Design Considerations for DOI-encoding PET Detectors Using Phosphor-Coated Crystals

Driven by a need for high and uniform spatial resolution, as well as depth correction to improve time-of-flight PET, the design of PET detectors with depth-of-interaction (DOI) information is of great interest. To combine the advantages of continuous DOI information with a single-ended readout of the crystal, we have proposed a solution based on the use of phosphor-coated crystals. Here we build on our initial work to optimize the coating process and detector design, thus taking a significant step towards making this approach practical. We implemented a new method to coat 20 mm-long unpolished LSO crystals with a mixture of YAG phosphor powder and UV-curable optical cement that provides accurate, robust, and reproducible coatings. Using this new coating process, critical parameters such as coating thickness, coating shape, and crystal size were studied.
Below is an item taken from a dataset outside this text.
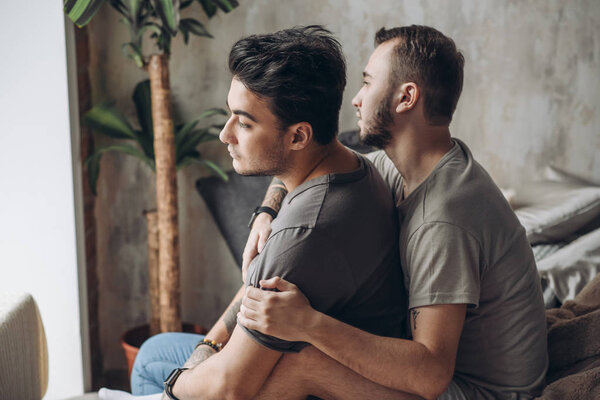 Two sexy caucasian gay guys hugging and having fun in bed indoors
The performance of different coating configurations was evaluated by recording pulses at different irradiation depths and extracting the decay time of individual pulses. The delayed charge integration method was used to characterize the pulses acquired at various DOI. The coating thickness was decreased from 250 μm (previous work) to 50 μm with minimal degradation in performance. 100 μm-thick coating provided the best trade-off between performance and additional volume around the crystal, which will be important to build crystal arrays with high packing fraction. Additionally, varying the coating length on the different crystal faces allowed for better DOI encoding along the crystal length, when compared to previous coating configurations. Crystal face sizes ranging from 2 mm × 2 mm to 5 mm × 5 mm were studied; best performance was obtained with the 2 mm × 2 mm crystals.